Рабин не философ, и, как бы его ни упрекали в 1960—1970-е годы в искажении действительности, на самом деле в истории искусства советского времени трудно найти художника, тематика и эстетика произведений которого была бы настолько реалистичной и автобиографичной, как это было у Оскара Рабина. Его отношение к документам сформировалось не под влиянием тех или иных мыслителей-антиэтатистов (он едва ли читал хоть кого-то из них), но под воздействием неприкаянности и голода, вызванных отсутствием «бумажек». «Пока мы живем на земле, нашу личность удостоверяют бумаги», но для Оскара Рабина значимы только те из них, которые определяли его жизнь в годы отрочества и юности. «Когда я получил французское гражданство, то думал – вот и тут я напишу паспорт. И знаете, ничего не получилось, – рассказывал он в одном интервью. – Потому что французский паспорт – просто формальная бумажка, за которой ничего не стоит – ни трагедии человеческой, ни притеснений.
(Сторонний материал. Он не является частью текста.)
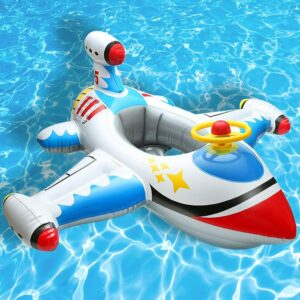 Best Inflatable Toys For the Beach, Baby Inflatable Pool Airplane Swimming Float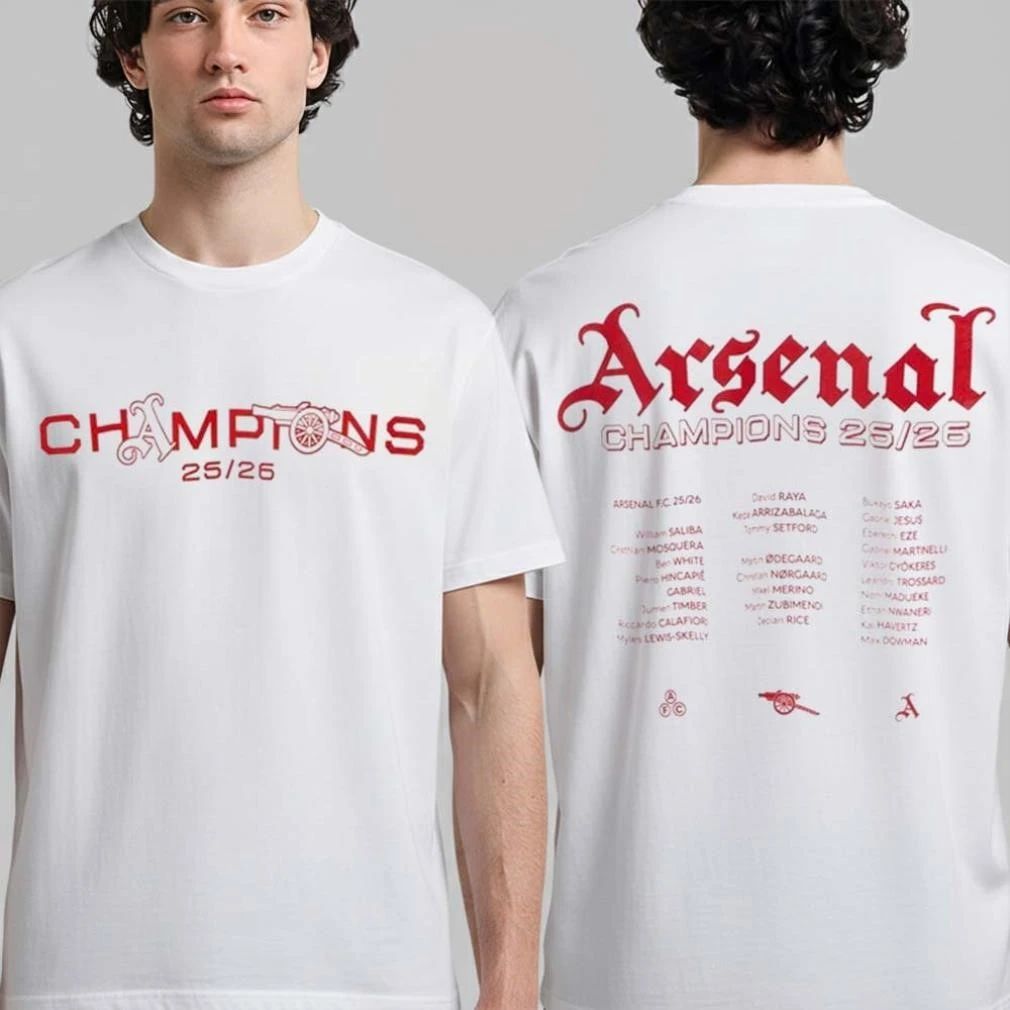 Arsenal Champions Squad 2026 Premier League Champions Shirt
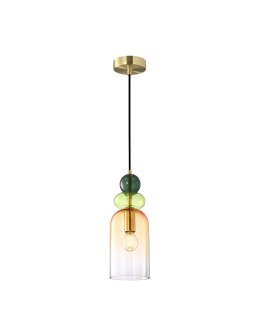 ITALUX Manso Pendant Sanded Gold with Gloss 1xE14 PND-37462C-MC-GD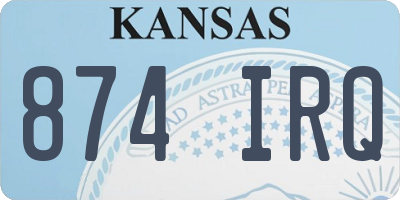 KS license plate 874IRQ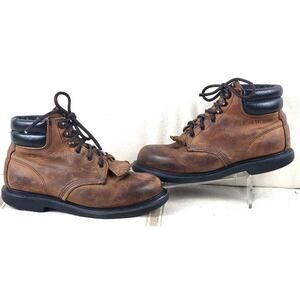 Vintage USA Red Wing 1607 Work Boots Size W 8D / M 6.5D Supersole Oil Resistant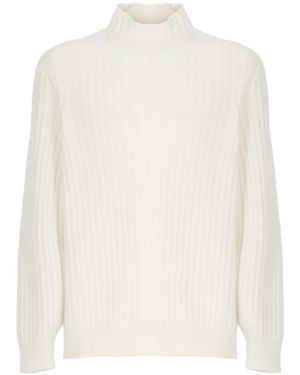 Brunello Cucinelli Cashmere Knitwear - Blanco
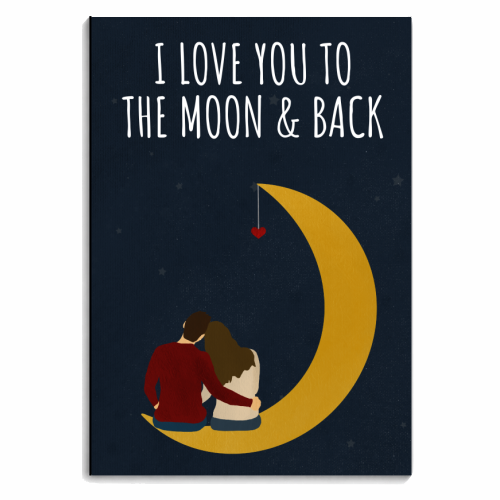 To the moon and back - personalised A4, A5, A6 notebook by Rock and Rose Creative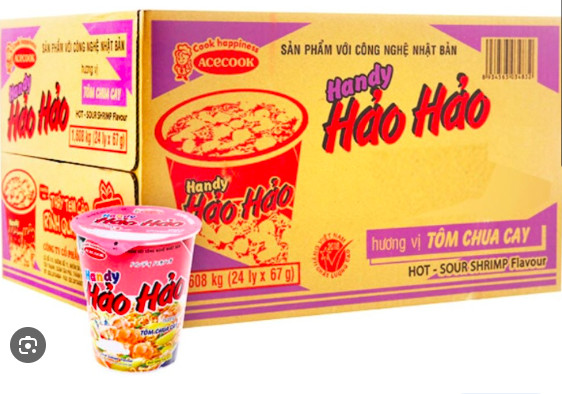 ( Thùng 24 ly ) Mì Handy Hảo Hảo tôm chua cay 67g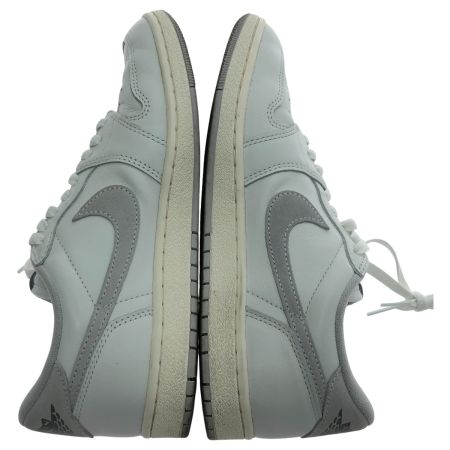 NIKE ナイキ スニーカー エアジョーダン1 ロー '85 サミット AIR JORDAN1 SIZE 27.5cm FB9933-100 ホワイト x グレー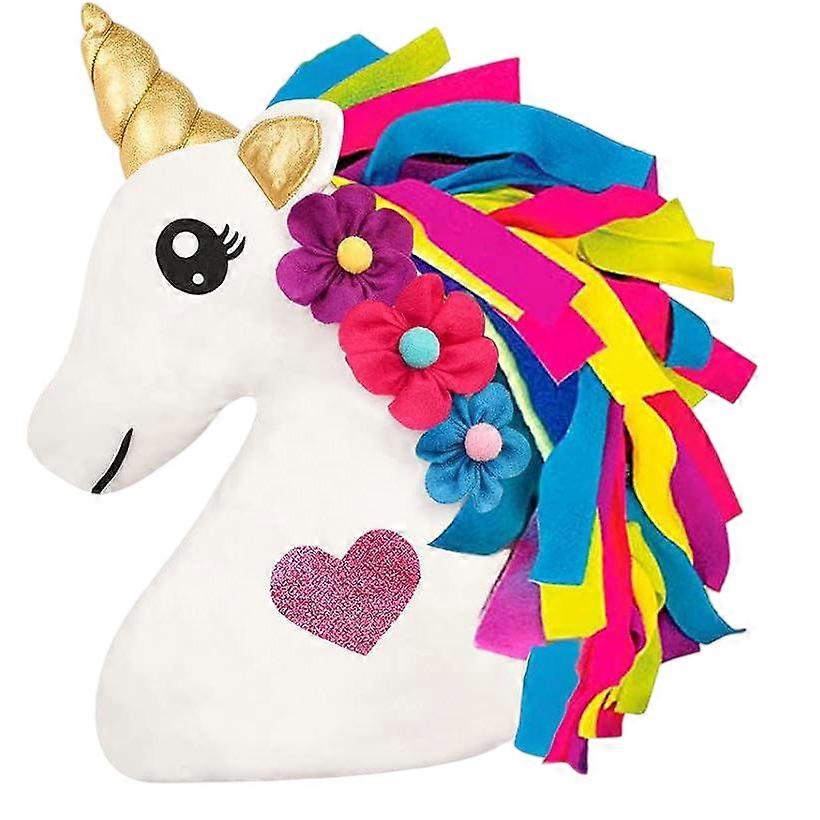 Unicorn pillow DIY kit, 12-inch fabric, suitable for multiple scenarios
Коли она у тебя есть, ты просто гражданин Франции и ты все имеешь. И такую бумажку мне было просто неинтересно рисовать…» 16«У меня два паспорта, если говорить о документах, а на картинах – только русский, советский. Пытался рисовать французский паспорт, но ничего не получается – едва ли не сокрушался он в другом. – Почему? За ним не стоит ничего. Бумажка – и больше ничего. А за советским – судьба всего народа. Без этой казенной бумажки я был словно преступник. Тема драматическая, благодарная…» 17
Как представляется, образованные искусствоведы искали ключи к пониманию творчества О.Я. Рабина не совсем там, где их стоило бы искать: они то утверждали, что его живопись «зиждется на заостренной почти до карикатуры эстетике авангардистов из “Бубнового валета”» 18, то декларировали, что «его искусство – это такой “Бубновый валет”, лишенный его буйной радости, мрачный “Бубновый валет”» 19. Если к картинам О.Я. Рабина и можно протянуть те или иные связующие нити от произведений российских художников, то от полотен А.В. Куприна или Р.Р. Фалька, а не от т.н. «соцреалистов», К.С. Малевича или других адептов абстрактного искусства. Но и эти связи представляются надуманными: если бы О.Я. Рабин искал, под чье «передовое» влияние попасть, его искусство не было бы таким внутренне целостным на протяжении вот уже полувека, за которые он утвердился именно как самобытный, ни на кого не похожий художник, раскрывающий в своих произведениях не эстетические принципы, а собственную судьбу в контексте судьбы своего круга и своего поколения. В беседе с Андреем Ерофеевым Оскар Рабин обозначил это предельно четко, и, думается, что эти слова могут быть вынесены в качестве эпиграфа, объясняющего сущностные истоки творчества художника: «После смерти Сталина жизнь, пробив асфальт и вылезая наружу, внешними формами и эстетическими направлениями не занималась. Не до этого было. Важнее всего было осознать и понять свою человеческую личность, свою личную эстетику, личную способность к творческому выражению – а в какой форме, к какому направлению это можно будет отнести, было несущественно. Любая форма, которая пришлась под руку, использовалась. Нам надо было прокричать свое, а что под руку подвертывалось, абстрактный ли, экспрессионистический ли прием, какие материалы, это было вторично» 20. Рабину не была важна форма, он никогда не рисовал «композиций № 7» и не стремился подражать геометрическому абстракционизму, уделяя все внимание своему «чувству реальности» и запечатлевая на своих полотнах то, что составляло окружавший его мир. Какова бы ни была его палитра, какие бы художественные течения и доктрины ни вспоминались на его выставках, Оскар Рабин – подлинный и последовательный социальный реалист, который пишет лишь то, что было пережито им. Он рисует на своих портретах людей, бывших ему родными и близкими, и тот паспорт, отсутствие которого едва не стоило ему жизни.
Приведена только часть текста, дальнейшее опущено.